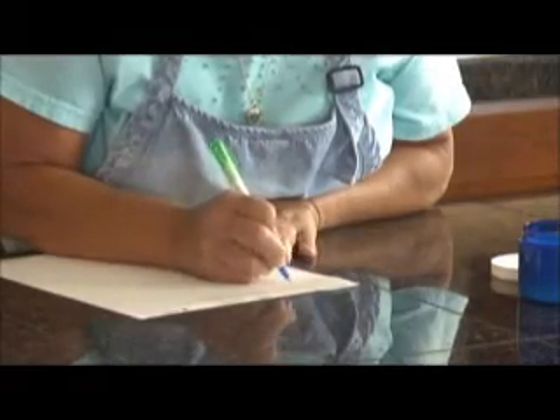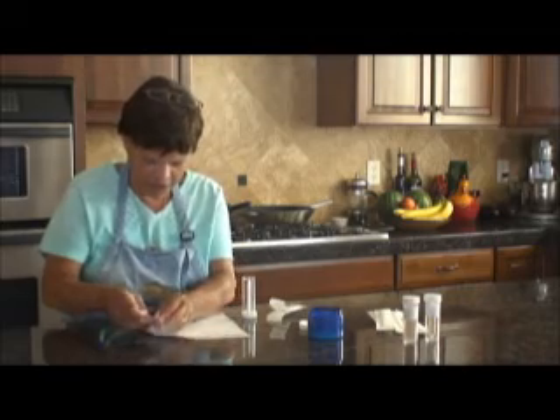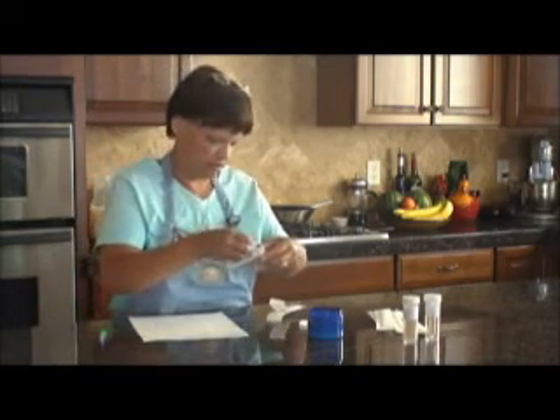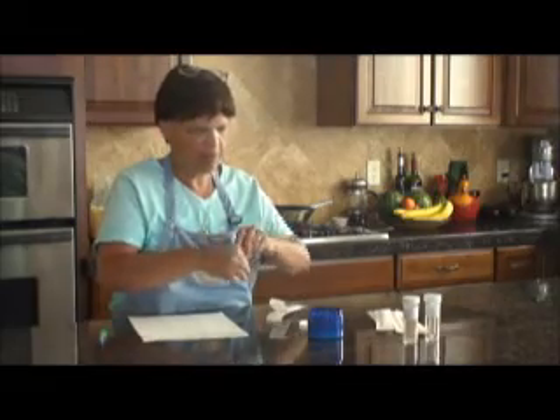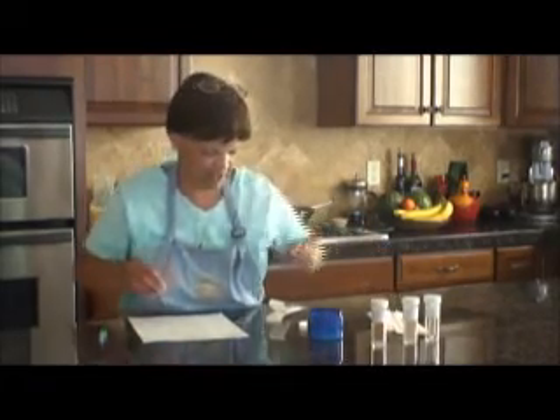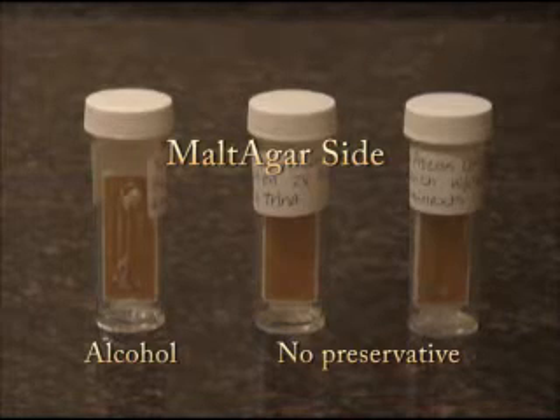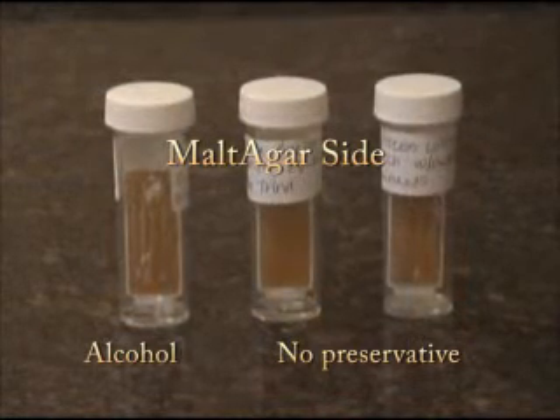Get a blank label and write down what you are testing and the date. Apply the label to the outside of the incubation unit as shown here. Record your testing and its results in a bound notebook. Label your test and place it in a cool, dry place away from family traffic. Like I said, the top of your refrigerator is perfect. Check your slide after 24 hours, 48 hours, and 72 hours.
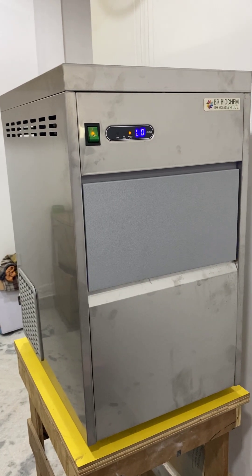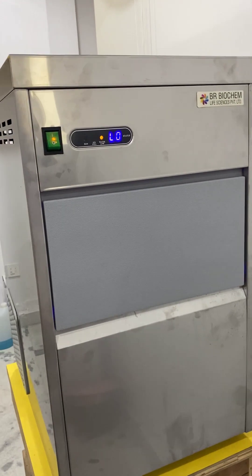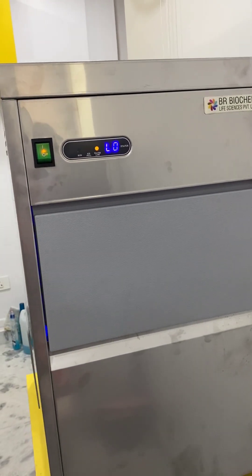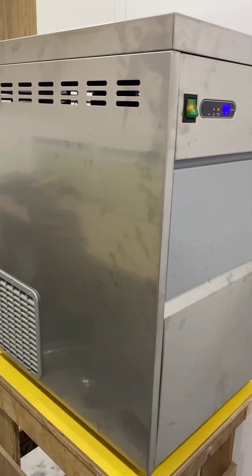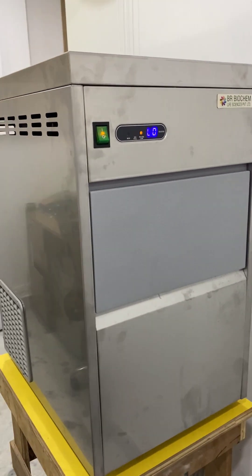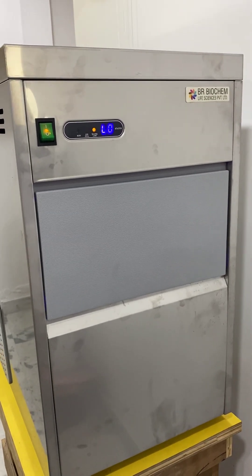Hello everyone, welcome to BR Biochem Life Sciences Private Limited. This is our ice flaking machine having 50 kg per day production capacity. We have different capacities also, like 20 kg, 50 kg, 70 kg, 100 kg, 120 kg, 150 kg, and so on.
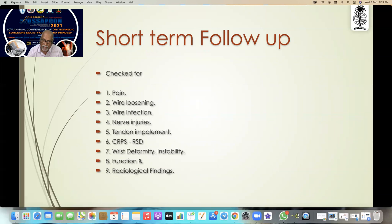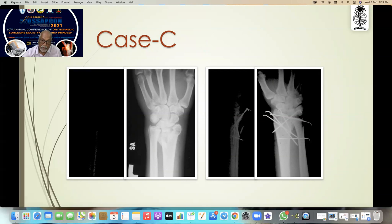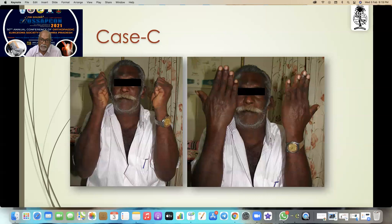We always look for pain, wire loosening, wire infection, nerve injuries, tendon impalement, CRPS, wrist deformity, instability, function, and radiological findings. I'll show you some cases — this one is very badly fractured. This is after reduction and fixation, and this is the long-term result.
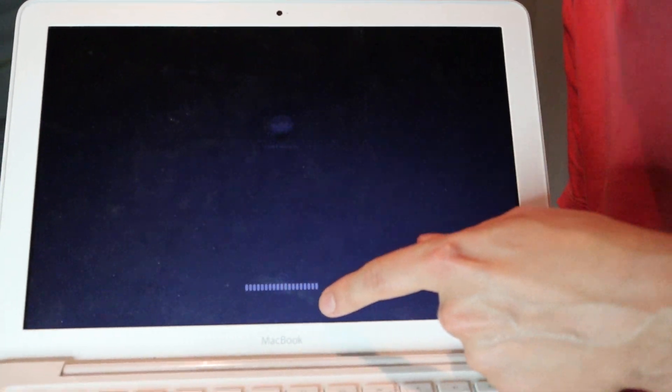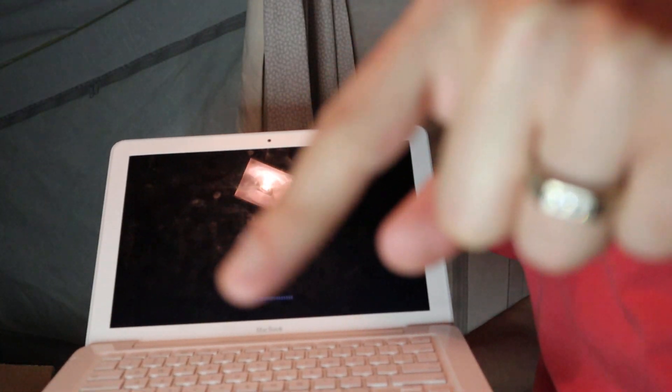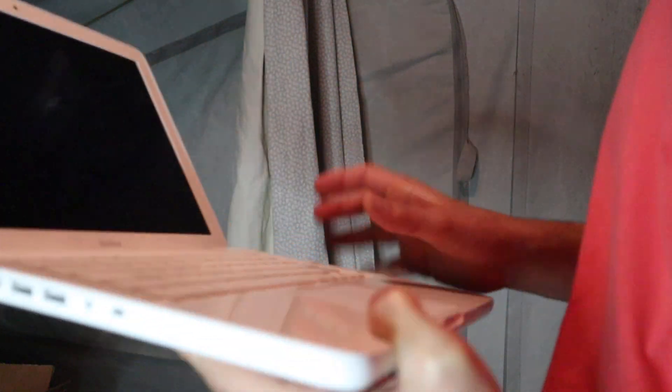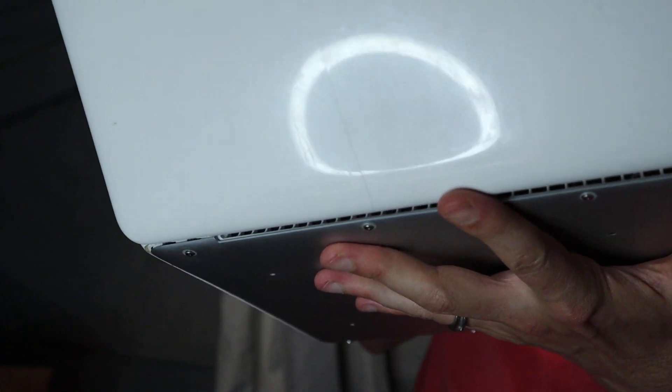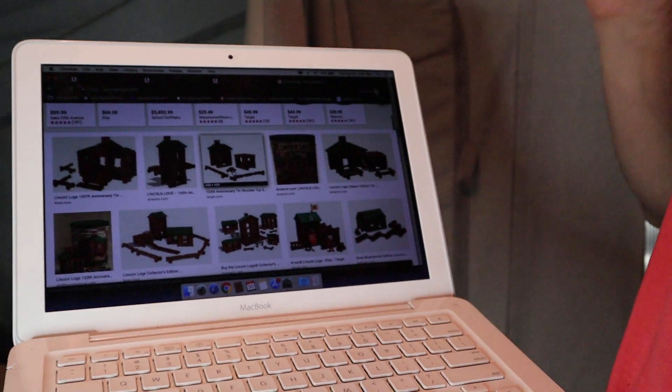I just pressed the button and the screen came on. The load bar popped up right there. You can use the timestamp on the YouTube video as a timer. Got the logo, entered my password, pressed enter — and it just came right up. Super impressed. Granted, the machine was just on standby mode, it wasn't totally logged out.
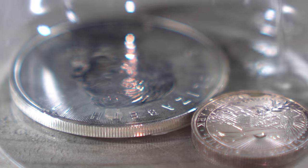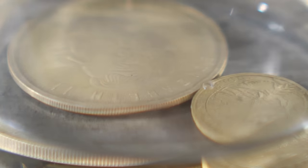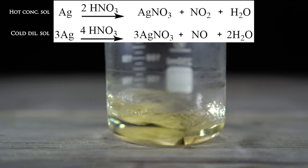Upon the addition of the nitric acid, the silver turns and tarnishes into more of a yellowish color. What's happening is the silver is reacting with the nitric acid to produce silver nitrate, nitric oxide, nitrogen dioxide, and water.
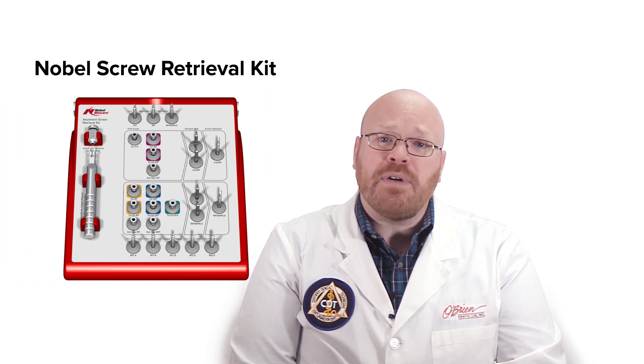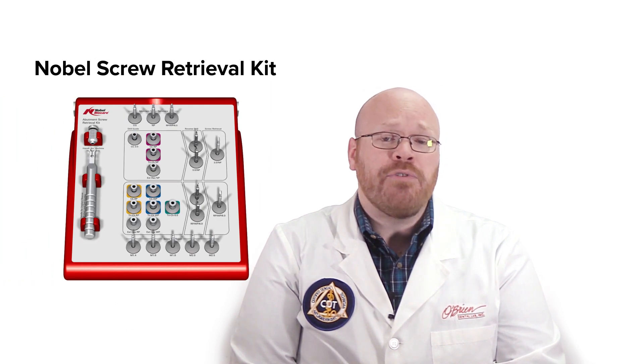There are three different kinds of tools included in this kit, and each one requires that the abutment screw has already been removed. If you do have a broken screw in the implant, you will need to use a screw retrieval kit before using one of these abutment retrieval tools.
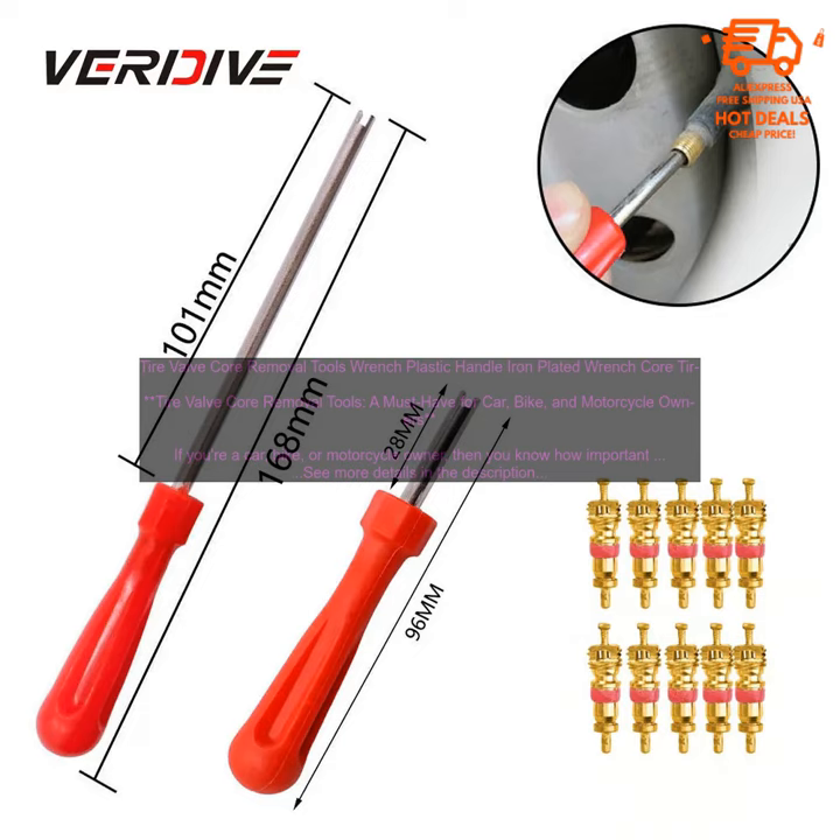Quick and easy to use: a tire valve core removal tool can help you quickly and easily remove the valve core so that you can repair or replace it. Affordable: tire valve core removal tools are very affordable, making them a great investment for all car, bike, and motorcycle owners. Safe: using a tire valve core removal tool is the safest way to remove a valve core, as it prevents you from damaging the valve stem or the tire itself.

◆ Work instruction ◆
Look above for the line with "Hello everyone, welcome" and the line with "I just pressed". Copy them and every line between, exactly, but no pictures.

◆ Your solution ◆
Hello everyone, welcome to BR Biochem Life Sciences Private Limited. This is our ice flaking machine having 50 kg per day production capacity. We have different capacities also, like 20 kg, 50 kg, 70 kg, 100 kg, 120 kg, 150 kg, and so on.
We always look for pain, wire loosening, wire infection, nerve injuries, tendon impalement, CRPS, wrist deformity, instability, function, and radiological findings. I'll show you some cases — this one is very badly fractured. This is after reduction and fixation, and this is the long-term result.
I just pressed the button and the screen came on. The load bar popped up right there. You can use the timestamp on the YouTube video as a timer. Got the logo, entered my password, pressed enter — and it just came right up. Super impressed. Granted, the machine was just on standby mode, it wasn't totally logged out.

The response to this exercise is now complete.